In fact, Monika Kwapisz remains hopeful that as more data is collected on the experiences of TGNC students, “mental healthcare will continue to move toward de-stigmatisation and TGNC students will be highlighted in institutional retention efforts.” 

What steps should higher education institutions take? 

The authors suggest various steps institutions can take to address the issue. 

These include:  

  • Improving faculty training on diversity and inclusion 
  • Addressing student attitudes and behaviours towards each other  
  • Adjusting questions on gender in institutional data collection surveys  
  • Encouraging research focused on TGNC students  
  • Destigmatising conversations surrounding mental health in STEM spaces.  

To get a clearer idea of what else should be done within the higher education sector, we also spoke with Dr.
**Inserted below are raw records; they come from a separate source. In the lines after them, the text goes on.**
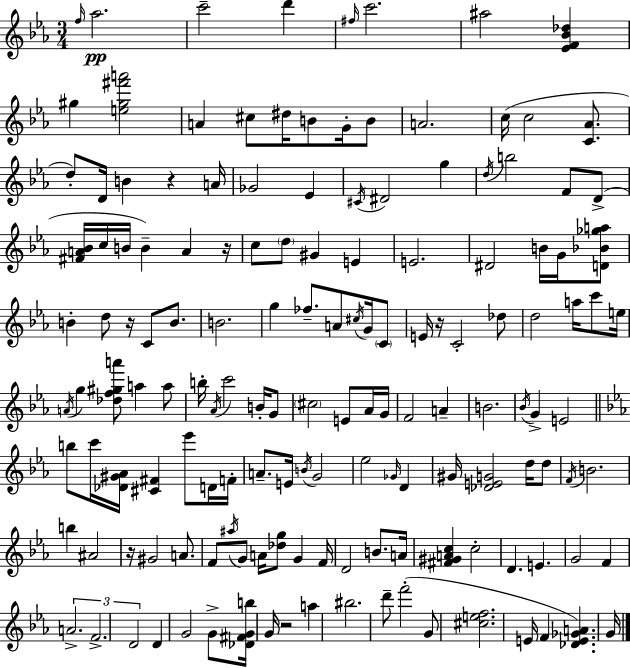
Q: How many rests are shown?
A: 6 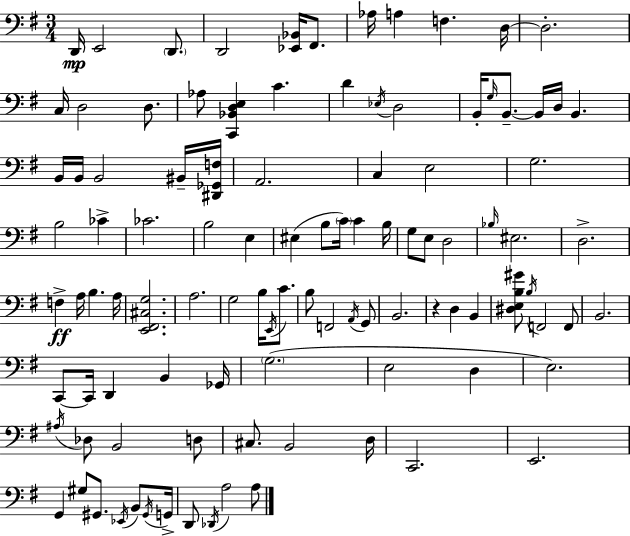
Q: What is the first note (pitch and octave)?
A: D2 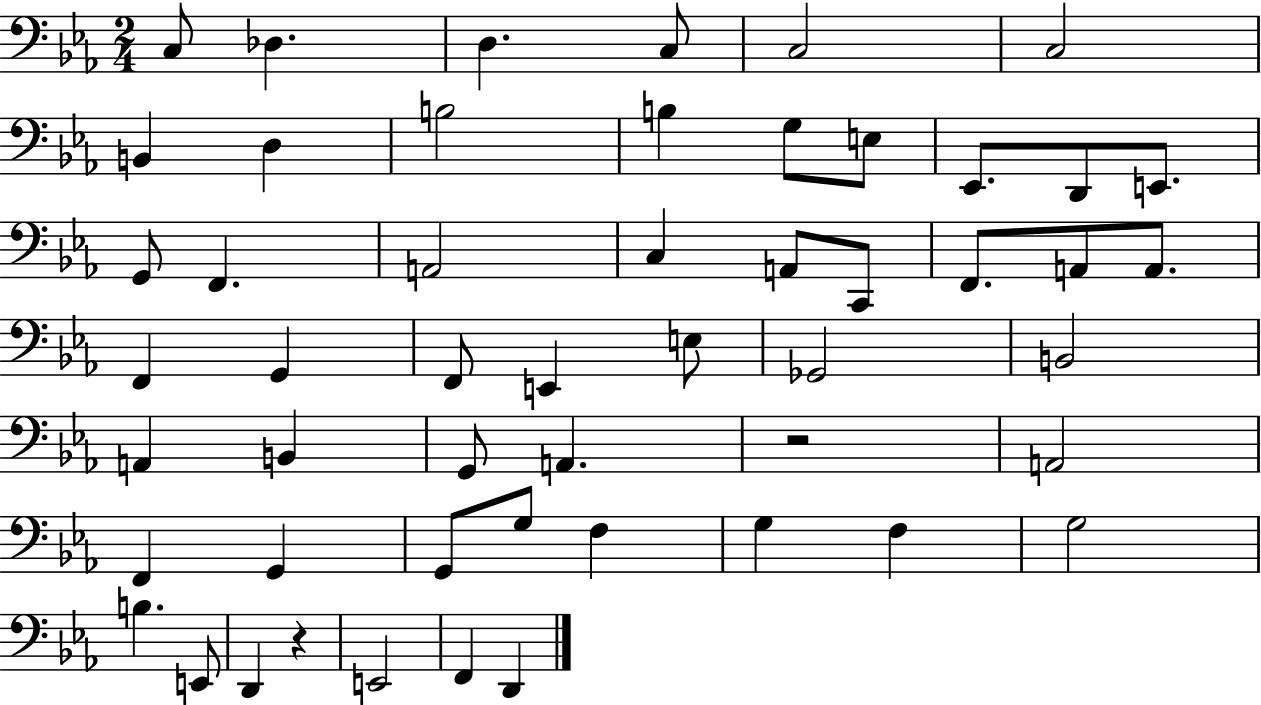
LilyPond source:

{
  \clef bass
  \numericTimeSignature
  \time 2/4
  \key ees \major
  c8 des4. | d4. c8 | c2 | c2 | \break b,4 d4 | b2 | b4 g8 e8 | ees,8. d,8 e,8. | \break g,8 f,4. | a,2 | c4 a,8 c,8 | f,8. a,8 a,8. | \break f,4 g,4 | f,8 e,4 e8 | ges,2 | b,2 | \break a,4 b,4 | g,8 a,4. | r2 | a,2 | \break f,4 g,4 | g,8 g8 f4 | g4 f4 | g2 | \break b4. e,8 | d,4 r4 | e,2 | f,4 d,4 | \break \bar "|."
} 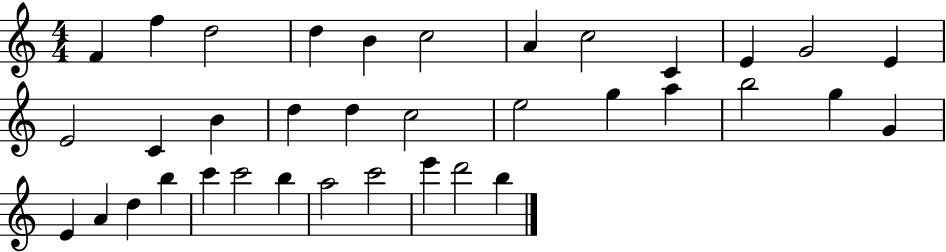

Julie Johnston and the team at Queer Science, an organisation that actively encourages and welcomes queer students into the STEM space through events, collaborative research, experiments and study sessions.  

Increasing visibility is probably the most important but also least-understood and often poorly-integrated [practical step],” says Dr. Johnston, a lecturer at University of California Berkeley and postdoctoral researcher at Lawrence Livermore national Lab. “STEM professors often still have the mindset that their research and topics are separate from TGNC and other communities. We need to have curriculum overhauls which include explaining how niche STEM topics impact real people in real communities to increase visibility.”  

Dr Johnston does so by incorporating social justice projects into her engineering classroom on environmental biological processes – exploring the intersection of microbial kinetics, engineering and equality and encouraging discussions on how engineered biological systems, like wastewater pollution, can disproportionately impact certain communities. 

She continues: “From the perspective of a young TGNC person, why would they become an engineer if they could do more for their community in a social science or medical program? We need to show them how STEM has been used in the past to create inequality and emphasise how we’re working to repair that in the future.”